Birini Hayatının Merkezine Koymak
Daha önce birine hak ettiğinden fazla değer verdin mi? Hatta birini hayatının merkezine koydun mu? Bu ve benzeri durumları her insan hayatın bir evresinde en az bir kez tecrübe edebiliyor. Hayatın merkezine koymak, sonu muhtemelen hüsran olan bu durum, duygu ve arzularımızın bize bir oyunu. Gelin bu çok sık yapılan hataya biraz daha detaylı bakalım.
Genelde isteklerine ulaşmak isteyen ve kendine saygısını yitirmiş bir kişi, kendini ikinci plana atarak başka birisini hayatının merkezine koyabiliyor. Belki de bu durumu çoğu insana sorduğumuzda “kimseyi hayatınızın merkezine koymamalısın” cevabı alırız. Ancak teoride böyle olan bu durum, uygulamada farklılık gösterebiliyor.
Aslında derinlemesine düşündüğümüzde karşımızdaki kim olursa olsun, onu hayatımızın merkezine koymak bir hatadır. Bunlar aile üyelerimiz, sevgilimiz, eşimiz, arkadaşlarımız, akrabalarımız olabilir. Karşımızdaki kişiyi çok sevebiliriz, oldukça saygı duyabiliriz ancak tam anlamıyla hayatımızın merkezine koymamalıyız. Çünkü hayat, bizim hayatımız!
Bu olasılıklar dünyasında saniyeler içinde bile bir şeyler değişebiliyor. Hayatımızın merkezine koyduğumuz kişiyi, bir süre sonra orada bulamayabiliriz. Bu nedenle, hayatımızın merkezine birisini koyarak bu muhtemel değişim riskini kendimize yaşatmamalıyız.

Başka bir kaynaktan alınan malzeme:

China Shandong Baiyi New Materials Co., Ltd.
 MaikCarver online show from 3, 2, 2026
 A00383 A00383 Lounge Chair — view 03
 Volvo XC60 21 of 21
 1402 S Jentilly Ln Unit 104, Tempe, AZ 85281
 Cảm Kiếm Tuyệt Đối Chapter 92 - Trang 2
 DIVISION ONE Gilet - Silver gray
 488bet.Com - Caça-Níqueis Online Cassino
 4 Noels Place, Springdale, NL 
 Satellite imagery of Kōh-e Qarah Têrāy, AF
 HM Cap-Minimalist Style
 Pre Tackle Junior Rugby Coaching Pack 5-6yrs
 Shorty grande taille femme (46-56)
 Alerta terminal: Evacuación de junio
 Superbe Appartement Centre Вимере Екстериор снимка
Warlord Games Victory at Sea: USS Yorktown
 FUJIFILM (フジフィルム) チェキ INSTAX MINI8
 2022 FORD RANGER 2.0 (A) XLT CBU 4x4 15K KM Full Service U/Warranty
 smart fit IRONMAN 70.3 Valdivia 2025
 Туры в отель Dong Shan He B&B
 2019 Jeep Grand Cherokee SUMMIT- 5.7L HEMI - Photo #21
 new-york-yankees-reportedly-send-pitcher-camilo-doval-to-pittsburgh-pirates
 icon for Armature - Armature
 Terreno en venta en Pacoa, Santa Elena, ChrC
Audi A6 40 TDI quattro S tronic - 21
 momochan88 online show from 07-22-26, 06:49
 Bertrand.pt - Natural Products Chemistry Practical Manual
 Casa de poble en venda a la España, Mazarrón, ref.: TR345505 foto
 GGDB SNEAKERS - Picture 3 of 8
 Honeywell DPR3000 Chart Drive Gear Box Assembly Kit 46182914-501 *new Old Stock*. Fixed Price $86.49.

Bir İnsan Neden Bir Başkasını Hayatının Merkezine Koyar?
Kendi öz saygısını yitirmiş birisi, bulunduğu bataklıktan onu kurtaracak bir kişiyi arar. Bulduğunda da ona diğer insanların göstermediği bir ilgi göstererek onu etkilemeye çalışır. Bu çoğu zaman başarılı olur. Kişi, kendinden ödün verdiğinin farkına varmaz. İlk zamanlar oldukça mutlu mesut geçer.
Onu bataklıktan kurtarıcısı olarak olarak gören kişi, aslında daha bataklığa battığının farkında varmaz. İster istemez kısa zamanlı yapay mutluluğu uzun bir mutsuzluğa tercih eder.
Kendine Bencillik Etme
Bir başkasına hak ettiğinden fazla değer vererek öncelikle kendine haksızlık etmiş olursun. Eminim ki kimse kendisine haksızlık etmek istemez. Ancak duygular devreye girdiğinde işler sarpa sarabiliyor. Bu nedenle, olaylara baskın bir şekilde duygusal değil, mantıksal bakmalısın. Bakmalısın ki kendini hiçe saymamalısın.
Bir İlişkiyi Az Seven Yönetir
Bir ilişkiyi daha az seven yönetir. Bu durum sadece sevgili ilişkisi için değil, her insan ilişkisi için geçerlidir. Çünkü çok seven kişi, az seven kişiyi kaybetmemek adına çoğu şeyi kabul etme eğilimindedir. Bu nedenle, az seven kişi, çok seven kişinin iplerini kolayca eline alabilir. Eğer kendini böyle bir durum içerisinde görüyorsan bir şeyler yanlış gidiyordur. Bulunduğun durumu sorgula ve hak ettiği kadar sev!
Sensiz Ben Nefes Alamam
Sensiz ben nefes alamam, yaşayamam. Bu cümleyi belki de çoğu sevgili ilişkisinde söyleniyor ama herkes bir başkası olmadan da nefes alabiliyor. Eğer hayatının merkezine koyduğun kişi gittiğinde her şeyin kötü gideceğini hatta yaşamayacağını düşünüyorsan yanılıyorsun. Nasıl ki en kötü gecenin bile bir sabahı varsa bu durumun da bir çıkış yolu var. Kendine güven ve kendi yolunu çiz!
Bazen Hiçbir Şey Daha İyidir
Herkesin yaptığı bir şeyi yapmak zorunda değilsin. Hayatına bir insanı dahil etmek zorunda değilsin. Bazen durup kendine düşünme fırsatı vermek, zoraki kararlar almaktan daha iyidir.
Tecrübelere Kulak As
Bir insanı hayatının merkezine koymanın yanlış bir davranış olduğunu çoğu insan söylüyor. Gerek sosyal medyada gerekse sosyal hayatta hikayelerini paylaşıyorlar. Onlardan ders al ve ona göre davran. Amerika’yı tekrar keşfetmeye gerek yok.
Anla ve Uyan
Belki de şu an farkında olmadan birisini ya da birilerini hayatının merkezine koymuş bir durumdasın. Her ne kadar bundan zarar görsen de daha kötüsünü yaşayacağını düşünerek bu durumdan vazgeçmiyorsun. Unutma ki kendini ön plana koyarak alacağın bir yol, gün sonunda sana daha fazla kâr getirecektir. Bu nedenle önce bulunduğun durumu anlamaya çalış. Sonra da hedeflerine ilerle!
“İnsan ancak anladığı şeyleri duyar.”
– Goethe
“Rüyaları gerçekleştirmenin en iyi yolu uyanmaktır.”